OpenSearch

Full-text search and analytics engine with OpenSearch Dashboards. Serves as a centralized SIEM platform when the siem attribute is enabled, receiving security events from Falco, OPA, APISIX, Audit, Trivy, and OTEL sources across one or more stacks.

Architecture

OpenSearch Cluster - Data nodes (StatefulSet) for indexing and search
OpenSearch Dashboards - Visualization UI (Deployment)
SIEM Bootstrap Job - ArgoCD PostSync hook that imports index templates, dashboards, alerting monitors, and ISM policies
Prometheus Exporter - Metrics exporter for cluster health monitoring

Key Attributes

Attribute Example Description
namespace REQ opensearch Kubernetes namespace for all OpenSearch resources
admin_password REQ MyStr0ngP@ss Admin user password. Used by all sources (Falco, OPA, etc.) for authentication. Also used in the SIEM bootstrap job.
siem true Master gate for SIEM functionality. When "true", enables the entire SIEM pipeline: index templates, dashboards, alerting monitors, ISM policies, and the bootstrap job. When not set, inbound security links still populate dunders but no SIEM files are generated.
remote_host opensearch.sre.example.com Cross-stack endpoint. FQDN/IP for external access to this OpenSearch instance. Used by sources in other stacks (Falco, OPA, Trivy) to connect via APISIX route or load balancer on port 443 instead of internal svc on port 9200.

SIEM Platform

When siem: "true", OpenSearch becomes a centralized Security Information and Event Management (SIEM) platform. Sources from the same stack or external stacks send security events, and the bootstrap job configures everything automatically.

SIEM Data Flow

Falco (runtime threats) → Falcosidekick → OpenSearch (falco-* index)
OPA (policy violations) → OTEL sidecar → OpenSearch (opa* index)
APISIX (API gateway logs) → OTEL collector → OpenSearch (apisix-* index)
Audit (K8s audit logs) → OTEL collector → OpenSearch (audit-* index)
Trivy (vulnerability scans) → Trivy exporter → OpenSearch (trivy-* index)
OTEL (traces/logs/metrics) → OTEL collector → OpenSearch (otel-* index)

Inbound SIEM Links

Link Type Index Pattern Alerting Monitor Export Method
falco-opensearch falco-* falco-critical-events Falcosidekick (native output)
opa-opensearch opa* opa-violation-events OTEL sidecar (requires opa-otel link on OPA side)
apisix-opensearch apisix-* apisix-error-events OTEL collector
audit-opensearch audit-* audit-privileged-events OTEL collector
trivy-opensearch trivy-* trivy-critical-vulnerabilities Trivy exporter (direct to OpenSearch)
otel-opensearch otel-* OTEL collector

Per-Source SIEM Files

For each detected source link, the following files are generated (removed in post_gen if the link doesn't exist):

File Pattern Purpose
siem/index-template-{source}.json OpenSearch index template with field mappings for the source
siem/alerting-{source}.json OpenSearch alerting monitor definition (critical event detection)
siem/dashboards-{source}.ndjson OpenSearch Dashboards saved objects (index pattern + visualizations + dashboard)

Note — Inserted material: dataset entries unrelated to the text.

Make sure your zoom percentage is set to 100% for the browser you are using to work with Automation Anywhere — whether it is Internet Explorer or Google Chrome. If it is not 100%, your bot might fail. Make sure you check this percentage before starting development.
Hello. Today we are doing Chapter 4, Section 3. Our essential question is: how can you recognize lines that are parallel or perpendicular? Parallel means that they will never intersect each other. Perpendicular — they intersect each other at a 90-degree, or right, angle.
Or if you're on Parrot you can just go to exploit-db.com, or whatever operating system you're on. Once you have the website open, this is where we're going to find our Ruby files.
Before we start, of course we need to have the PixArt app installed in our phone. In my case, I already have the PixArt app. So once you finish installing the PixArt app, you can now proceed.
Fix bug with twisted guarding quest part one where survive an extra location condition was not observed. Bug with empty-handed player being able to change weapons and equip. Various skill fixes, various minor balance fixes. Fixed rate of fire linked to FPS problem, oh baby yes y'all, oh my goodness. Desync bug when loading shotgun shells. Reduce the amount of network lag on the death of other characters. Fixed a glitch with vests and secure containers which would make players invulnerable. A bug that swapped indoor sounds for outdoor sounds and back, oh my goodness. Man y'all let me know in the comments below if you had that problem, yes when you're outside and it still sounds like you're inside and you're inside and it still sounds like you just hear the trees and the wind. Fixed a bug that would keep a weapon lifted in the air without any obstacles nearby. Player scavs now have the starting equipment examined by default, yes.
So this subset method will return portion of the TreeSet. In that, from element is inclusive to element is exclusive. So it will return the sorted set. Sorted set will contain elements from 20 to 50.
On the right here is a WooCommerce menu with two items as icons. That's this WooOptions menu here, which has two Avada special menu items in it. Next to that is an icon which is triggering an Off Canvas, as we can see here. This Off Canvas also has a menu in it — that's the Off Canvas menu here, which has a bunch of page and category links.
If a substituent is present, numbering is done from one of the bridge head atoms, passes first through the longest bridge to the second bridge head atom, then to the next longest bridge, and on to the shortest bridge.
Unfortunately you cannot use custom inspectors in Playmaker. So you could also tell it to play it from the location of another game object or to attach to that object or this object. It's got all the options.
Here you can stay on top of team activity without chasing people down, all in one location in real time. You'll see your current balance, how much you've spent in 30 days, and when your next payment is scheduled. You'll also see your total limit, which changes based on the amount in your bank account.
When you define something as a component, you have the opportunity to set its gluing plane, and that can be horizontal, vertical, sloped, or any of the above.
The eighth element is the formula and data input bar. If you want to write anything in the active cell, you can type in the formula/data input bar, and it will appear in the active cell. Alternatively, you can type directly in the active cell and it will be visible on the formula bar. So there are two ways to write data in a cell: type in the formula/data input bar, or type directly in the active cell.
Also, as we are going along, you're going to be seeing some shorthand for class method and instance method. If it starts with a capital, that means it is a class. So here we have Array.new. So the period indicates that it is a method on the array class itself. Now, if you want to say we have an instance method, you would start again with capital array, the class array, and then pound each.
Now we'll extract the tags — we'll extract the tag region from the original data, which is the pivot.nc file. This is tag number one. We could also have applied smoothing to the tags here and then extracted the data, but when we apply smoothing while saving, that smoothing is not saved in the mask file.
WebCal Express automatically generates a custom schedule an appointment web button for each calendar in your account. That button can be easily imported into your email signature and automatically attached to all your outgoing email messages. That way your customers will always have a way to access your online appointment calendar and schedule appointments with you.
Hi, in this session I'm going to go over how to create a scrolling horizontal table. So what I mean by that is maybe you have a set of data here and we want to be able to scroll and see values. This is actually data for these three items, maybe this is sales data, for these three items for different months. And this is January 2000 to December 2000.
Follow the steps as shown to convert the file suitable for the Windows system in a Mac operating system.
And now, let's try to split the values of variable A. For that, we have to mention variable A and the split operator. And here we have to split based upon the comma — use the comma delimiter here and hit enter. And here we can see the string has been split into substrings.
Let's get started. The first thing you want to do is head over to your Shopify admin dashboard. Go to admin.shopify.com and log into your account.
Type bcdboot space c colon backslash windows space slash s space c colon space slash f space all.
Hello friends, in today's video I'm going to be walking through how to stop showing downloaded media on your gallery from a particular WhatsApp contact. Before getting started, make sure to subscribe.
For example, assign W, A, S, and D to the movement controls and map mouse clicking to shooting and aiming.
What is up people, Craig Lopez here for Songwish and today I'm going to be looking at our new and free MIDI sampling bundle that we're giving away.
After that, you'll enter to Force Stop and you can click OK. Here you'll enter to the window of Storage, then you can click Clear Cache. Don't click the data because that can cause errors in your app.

Always-Generated SIEM Files

File Purpose
siem/ism-policy.json PCI DSS ISM retention policy (applied to all SIEM indices)
siem/dashboards-pci-360.ndjson Global PCI-360 Overview dashboard (cross-stack, fixed IDs)
siem/dashboards-pci-overview.ndjson Per-stack PCI Overview dashboard template
siem-bootstrap-job.yaml ArgoCD PostSync Job that imports all SIEM resources into OpenSearch on every sync

post_gen cleanup: If siem is not "true" or no SIEM source links exist, the entire k8s/deploy/base/siem/ directory and siem-bootstrap-job.yaml are removed. Per-source files (index-template, alerting, dashboard) are removed individually when their corresponding link doesn't exist.

Multi-Stack SIEM (Cross-Stack Sources)

Multiple stacks can send security events to a single centralized OpenSearch instance. Each external stack that links its Falco/OPA/APISIX/Audit/Trivy components creates a cross-stack connection.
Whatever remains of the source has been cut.